[Dataset excerpts]
-----
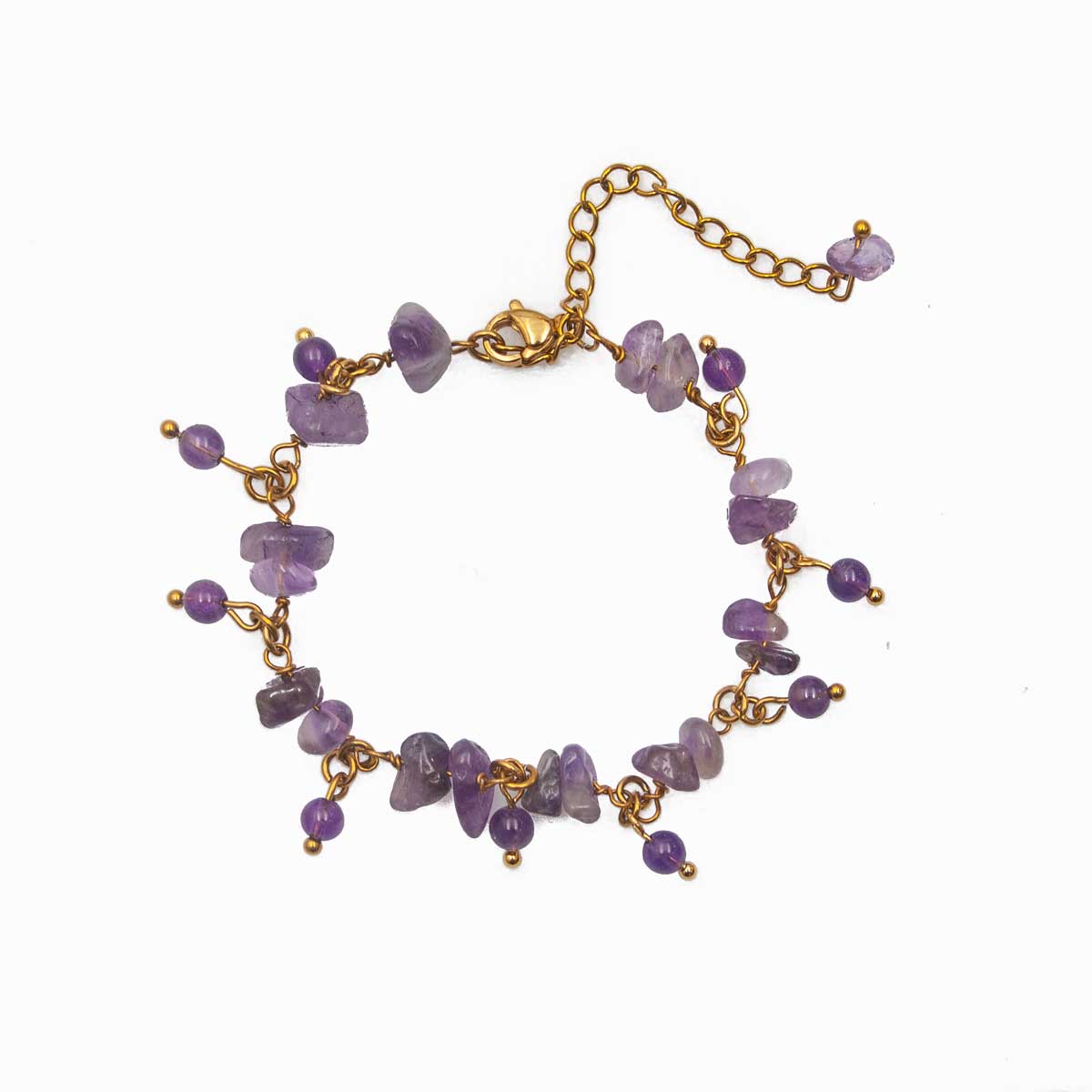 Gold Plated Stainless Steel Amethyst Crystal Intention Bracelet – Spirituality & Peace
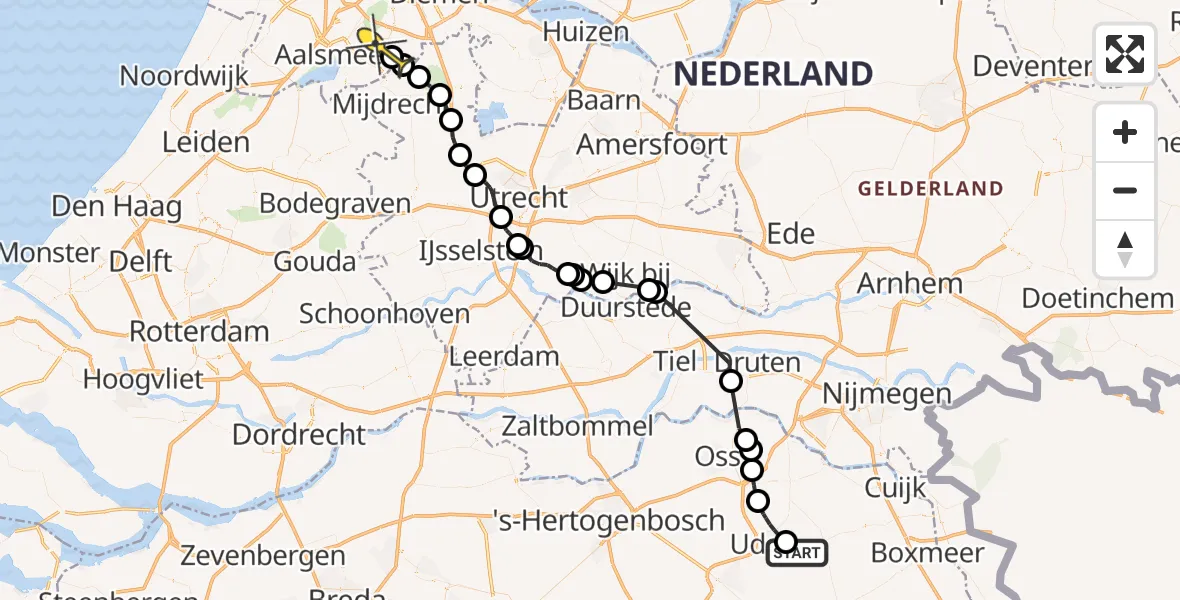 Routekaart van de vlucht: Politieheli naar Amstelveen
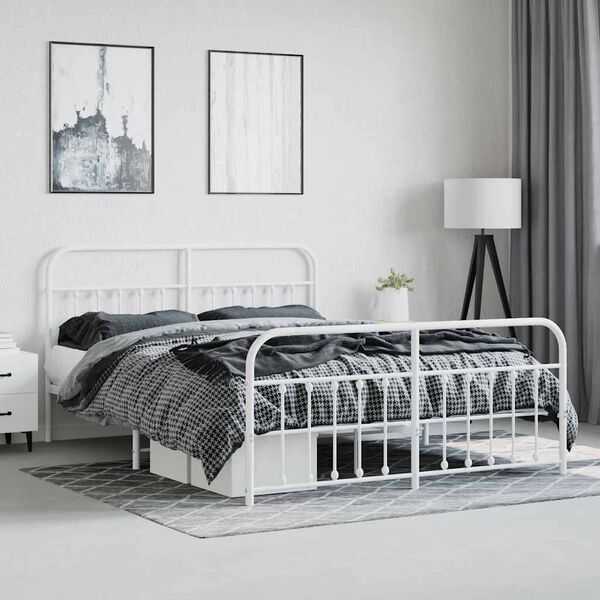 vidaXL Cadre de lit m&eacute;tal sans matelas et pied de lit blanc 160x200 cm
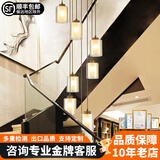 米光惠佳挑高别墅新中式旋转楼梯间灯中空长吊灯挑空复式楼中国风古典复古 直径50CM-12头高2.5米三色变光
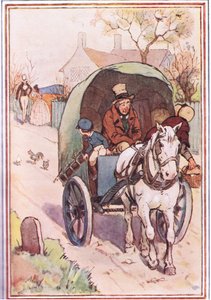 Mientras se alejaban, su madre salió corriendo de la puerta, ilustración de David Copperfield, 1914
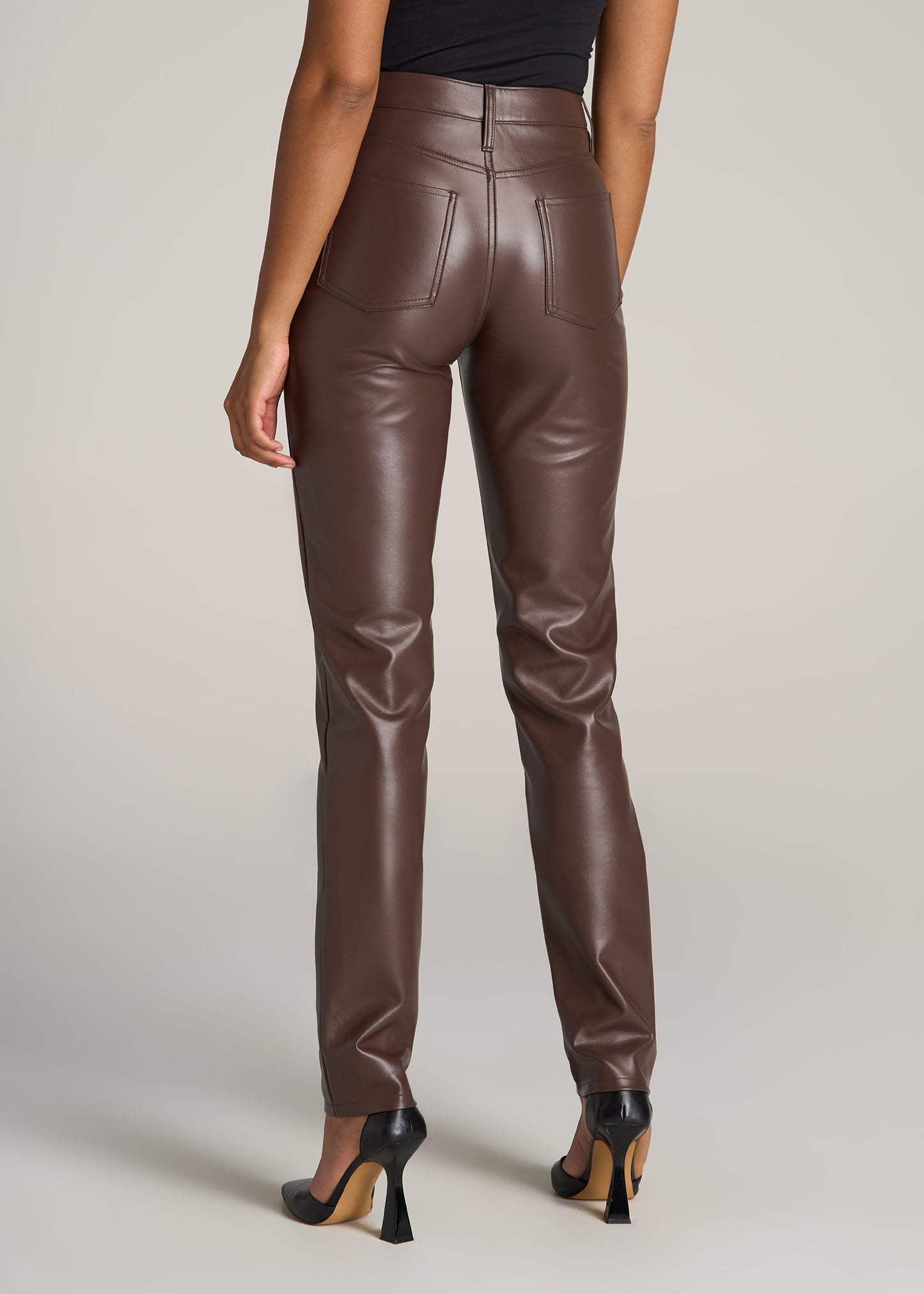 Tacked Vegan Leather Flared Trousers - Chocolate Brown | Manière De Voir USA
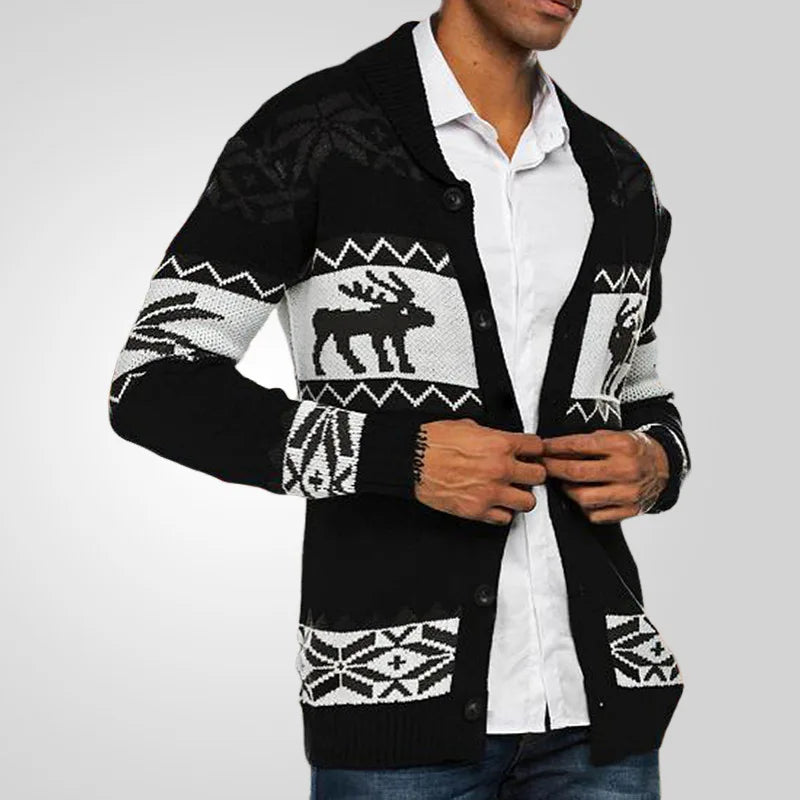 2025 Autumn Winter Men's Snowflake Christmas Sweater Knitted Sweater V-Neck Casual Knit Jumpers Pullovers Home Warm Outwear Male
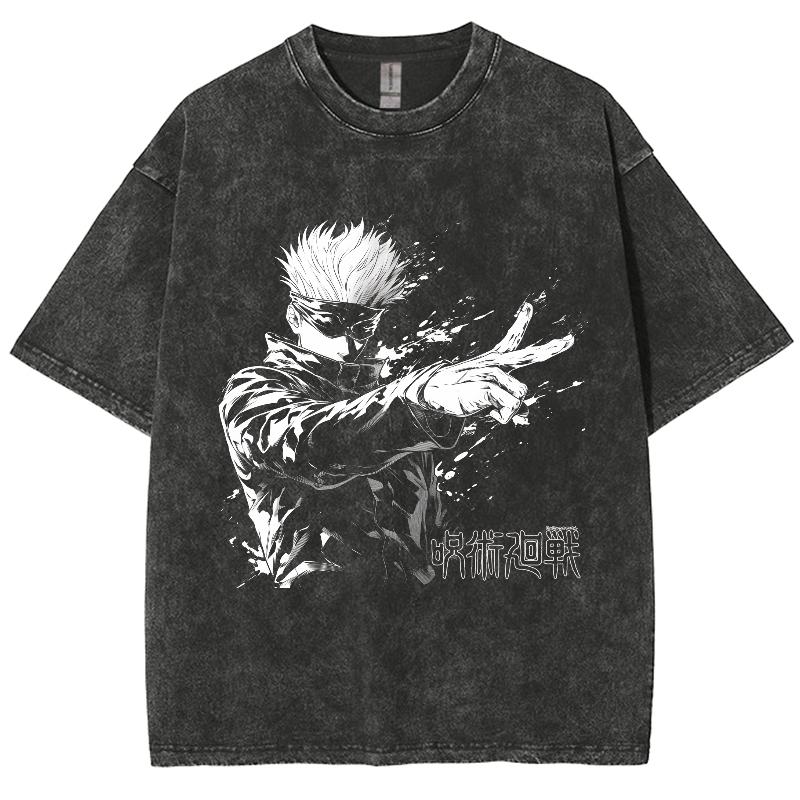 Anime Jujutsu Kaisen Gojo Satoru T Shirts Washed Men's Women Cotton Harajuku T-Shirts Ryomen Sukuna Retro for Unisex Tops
-----
Task item: I would like you to retype exactly the lines running from the one containing "Mientras se alejaban, su" to the last line of the entries, both included, leaving all pictures out.

Written reply:
 Mientras se alejaban, su madre salió corriendo de la puerta, ilustración de David Copperfield, 1914
 Tacked Vegan Leather Flared Trousers - Chocolate Brown | Manière De Voir USA
 2025 Autumn Winter Men's Snowflake Christmas Sweater Knitted Sweater V-Neck Casual Knit Jumpers Pullovers Home Warm Outwear Male
 Anime Jujutsu Kaisen Gojo Satoru T Shirts Washed Men's Women Cotton Harajuku T-Shirts Ryomen Sukuna Retro for Unisex Tops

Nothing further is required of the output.